I fully expected to publish pretty pictures of our forced march from Venice to the Prosecco Hills and on to Verona, Bologna, Florence and now Siena. My expectation if not my plan was a travelogue interspersed with stories about Stefano, my photographer friend in Venice, and my touching reconnection with Lenny Levenson and his wife Meryll in Treviso just north of Venice.
I had thought we went in separate directions in 1982 but in fact he took a position with one of our Pizzeria Uno franchisees in 1984, right after we opened the Denver Uno. We opened more than twenty restaurants together and books could be written about those heady days. I left the company after opening the Brentwood, California restaurant in early 1985. So, Lenny and I hadn’t seen each other for 39 years. When we met for appetizers at Lenny and Meryll’s condo in Treviso, I told Meryll that Lenny was the most talented restaurant guy I’d ever met. Meryll told Peggy that Lenny idolized me. So, we're even.

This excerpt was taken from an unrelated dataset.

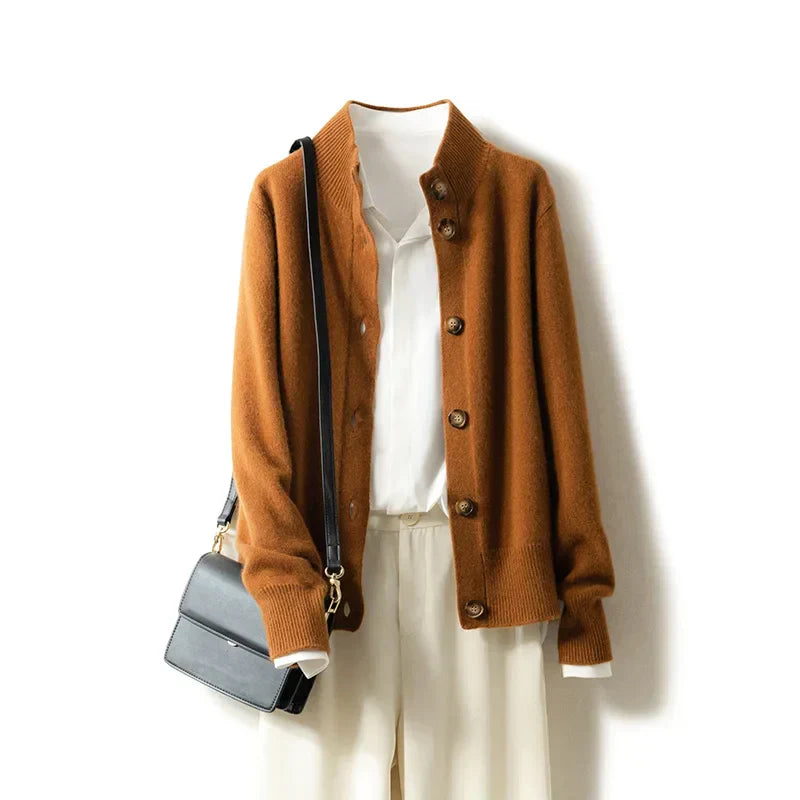 Arlina - Élégant Cardigan en Mérinos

That was the plan till circumstances interceded in the form of two photography exhibitions that we discovered quite by chance. On our first night in Bologna, we saw a banner for a Vivian Maier retrospective a mile away. We had 16 minutes to get there in time to be allowed in. We virtually ran to the gallery and arrived with a minute to spare. Street photographer Vivian Maier was unknown in her lifetime as a nanny in New York and Chicago. When boxes of her negatives were discovered by a former employer her work found an astounded contemporary audience and she is now recognized as one of the great street photographers of the latter half of the 20th century. To see perhaps 200 of her extraordinary images was breathtakingly good luck rivaled only our surprise encounter with the prestigious Siena Awards, an international photography competition held every year. The work was cutting edge, adventurous and large scale. Technical virtuosity was the hallmark of the show.
Among the award winners was The Ameriguns, which
speaks to America’s gun culture as examined by Italian photojournalist Gabriele
Calimberti. I’ll let Calimberti’s photographs speak for themselves. I'm including all of the images in the show because every one tells a story and his juxtapositions of the rabid and the banal are chilling. I can't unsee them.
3 comments:
Ghastly!!!
Terry T. is right. Guns of assorted calibers and size used like Christmas decorations and garden art truly is a horrendous Americanism. Calimberti was spot on with this one. But to also see an exhibit of Vivian Maier's work in Bologna is the ultimate two for one addition to your trip. One never knows what lays ahead during a visit anywhere. Spontaneity is a wonderful thing. Thanks for sharing these images, Steve. Puts a little additional perspective on last week's mass shooting in Maine.
Does it ever. I lost a subscriber with this post. Good riddance.